Advice for students doing research projects in ML/NLP

This is a collection of advice that I give to students doing research projects in NLP/ML/AI. It includes suggestions that I wish I had known when I myself first started, as well as lessons from supervising students in previous years.

I would recommend reading this once before starting your project, then again after about a month or two into the project. Different things will seem relevant to you.

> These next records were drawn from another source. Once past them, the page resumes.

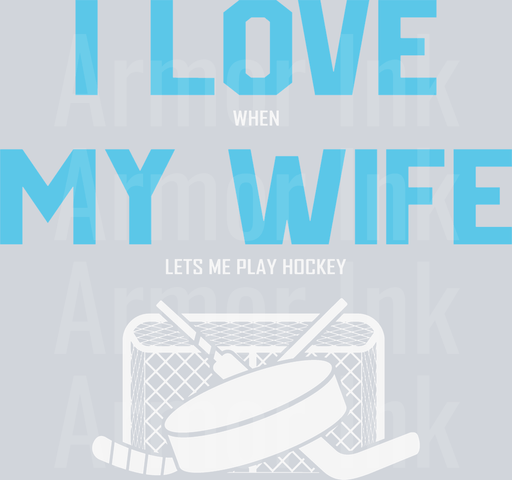 I Love When My Wife Let's Me play Hockey
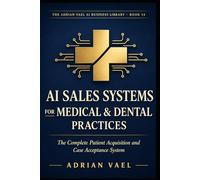 AI Sales Systems for Medical & Dental Practices: The Complete Patient Acquisition and Case Acceptance System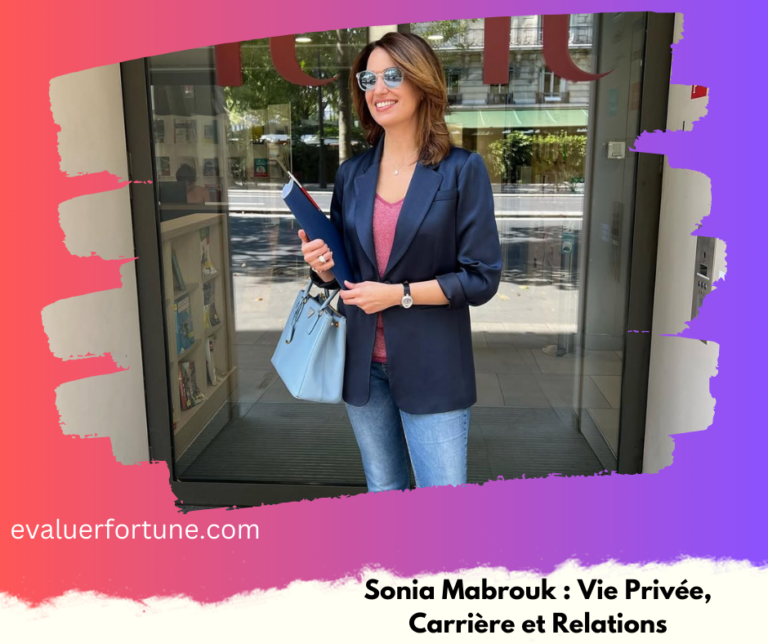 Sonia Mabrouk: Vie Privée, Carrière et Relations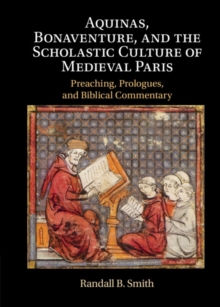 Aquinas, Bonaventure, and the Scholastic Culture of Medieval Paris : Preaching, Prologues, and Biblical Commentary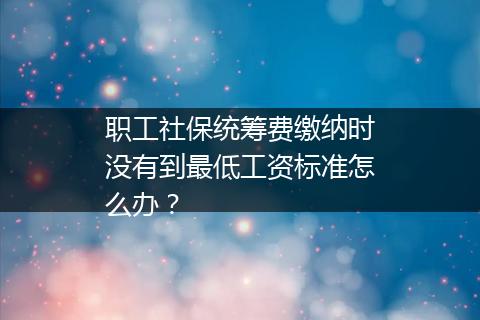 职工社保统筹费缴纳时没有到最低工资标准怎么办？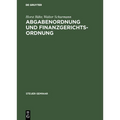 Abgabenordnung und Finanzgerichtsordnung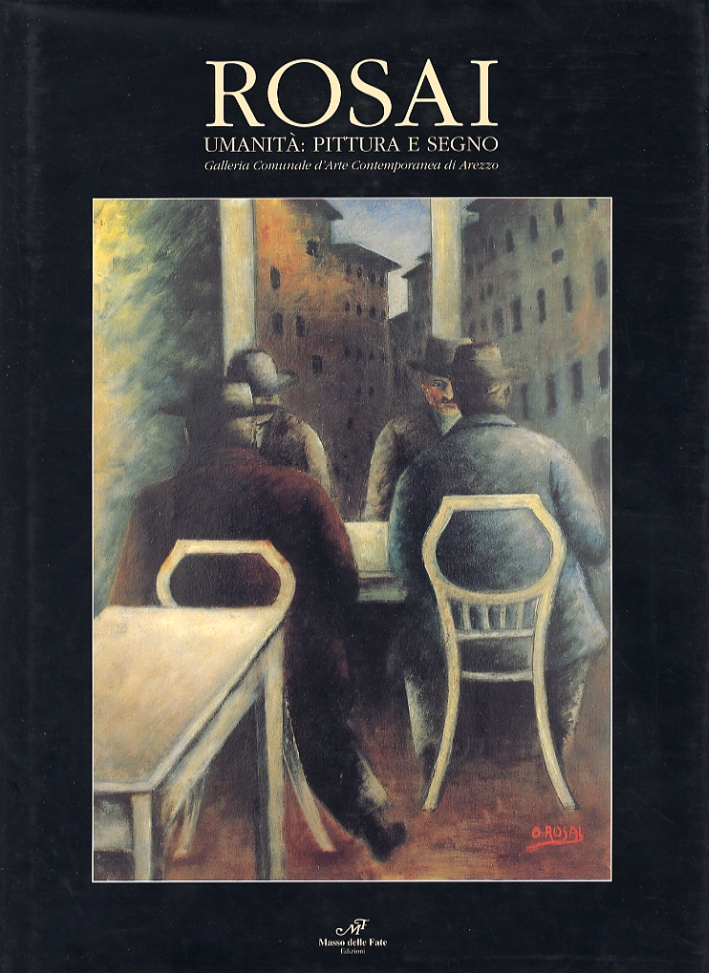 Rosai. Umanità: Pittura e Segno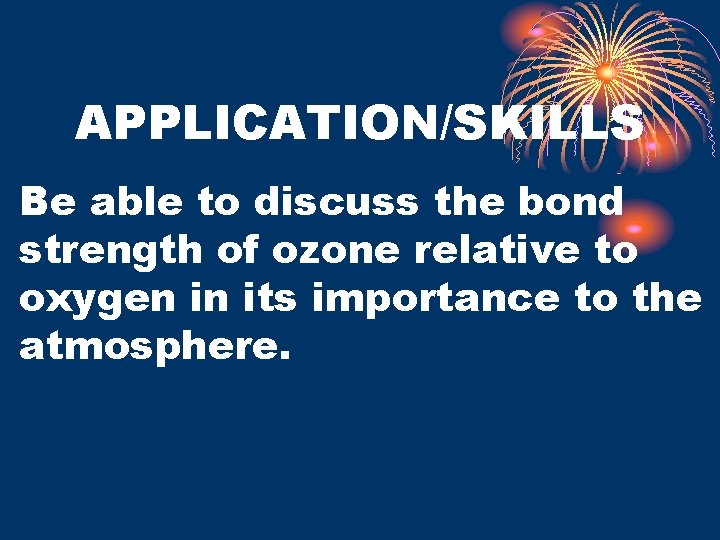 APPLICATION/SKILLS Be able to discuss the bond strength of ozone relative to oxygen in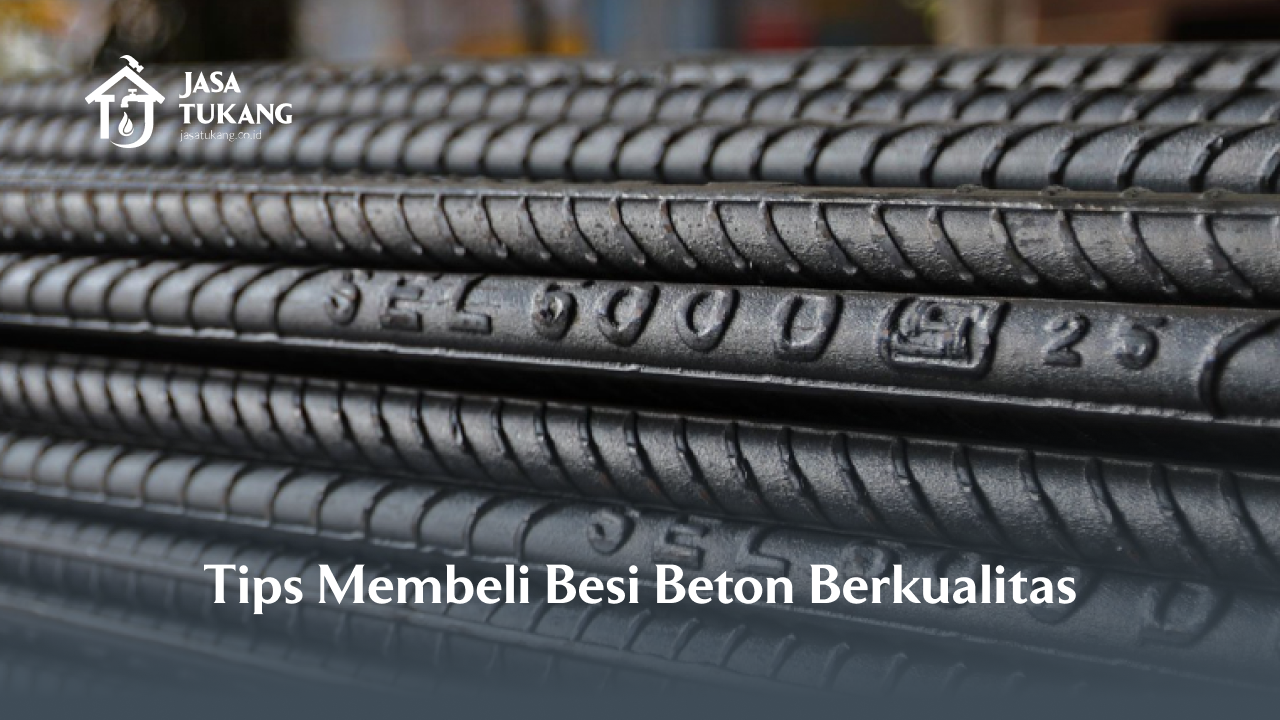 Tips Membeli Besi Beton Berkualitas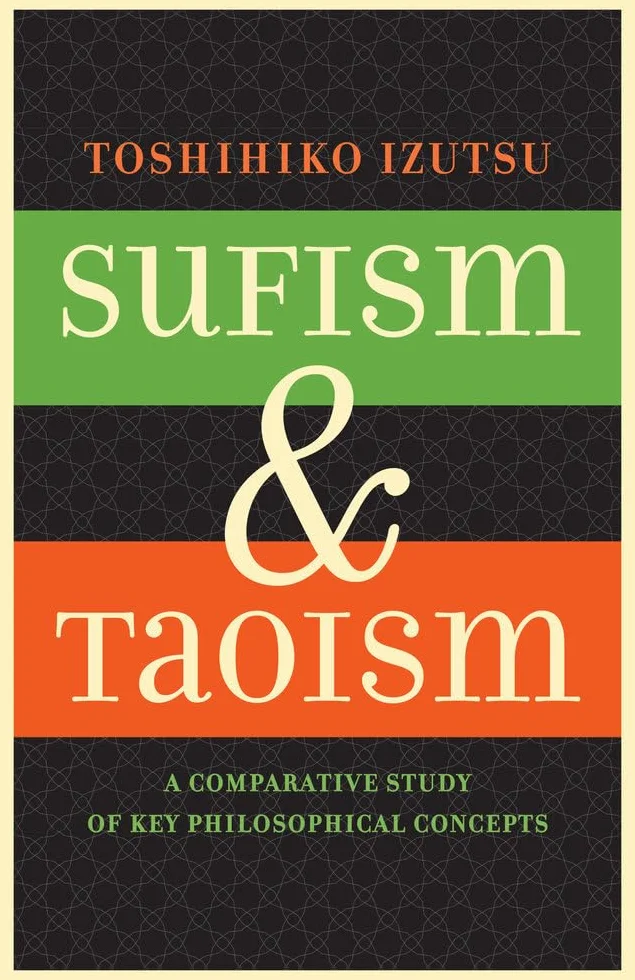 Sufism and Taoism: A Comparative Study of Key Philosophical Concepts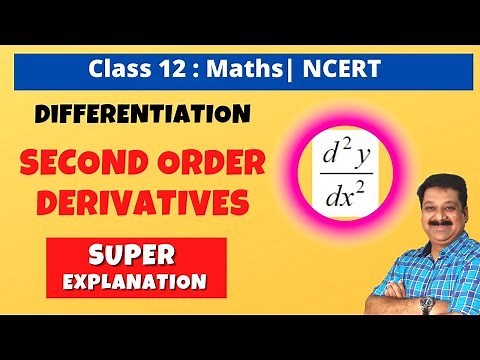 12th Maths NCERT Second order Derivatives, Higher order Derivatives, continuity & differentiability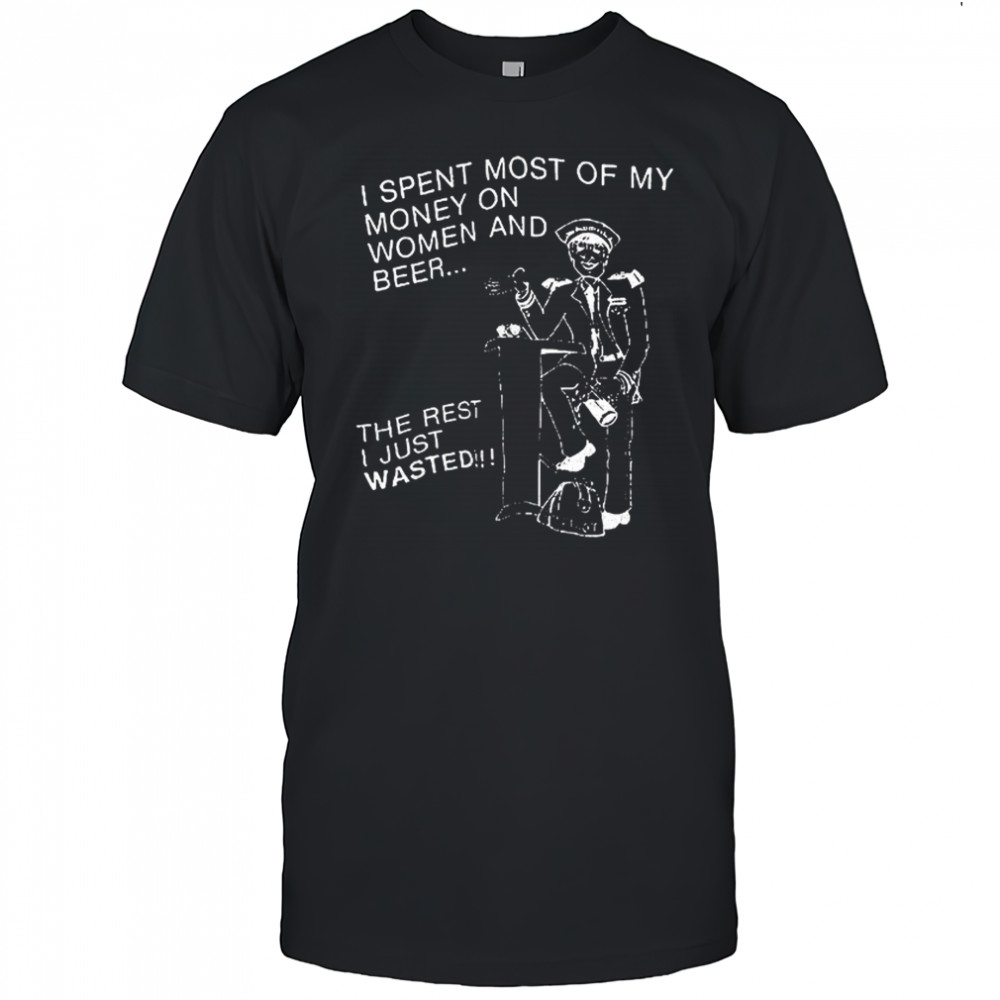 I spent most of my money on women and beer the rest I just wasted shirt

Implementation and debugging

Don’t assume that your code is bug free – check and debug. Deep learning code can be difficult to get right. Make sure the tensors have the right shapes and dimensions. Occasionally you’ll need to think in 5 dimensions and it’s easy to get it wrong. Make sure you know what the library functions are actually doing instead of blindly applying them. Some pytorch and tensorflow functions make it easy to apply complicated operations but they also make it easy to confuse what their input and output actually contain. It is always a good idea to test sections of the code with small toy examples.
Whenever you assume something about your data or output, put an assert into the code which will check that this assumption is always true. For example, if you know how long the input list should be or that the output should contain only values in a certain range. Many times this has helped me catch issues that I didn’t expect.
While automated checks are useful, they won’t catch everything. So you also have to manually check your model output and performance. Make sure that the output looks as expected and that the results make sense. If you expect one configuration to perform better than another, but the results show something different, then investigate and figure out why that is. Sometimes you find a bug, other times you learn something new about the model or the task.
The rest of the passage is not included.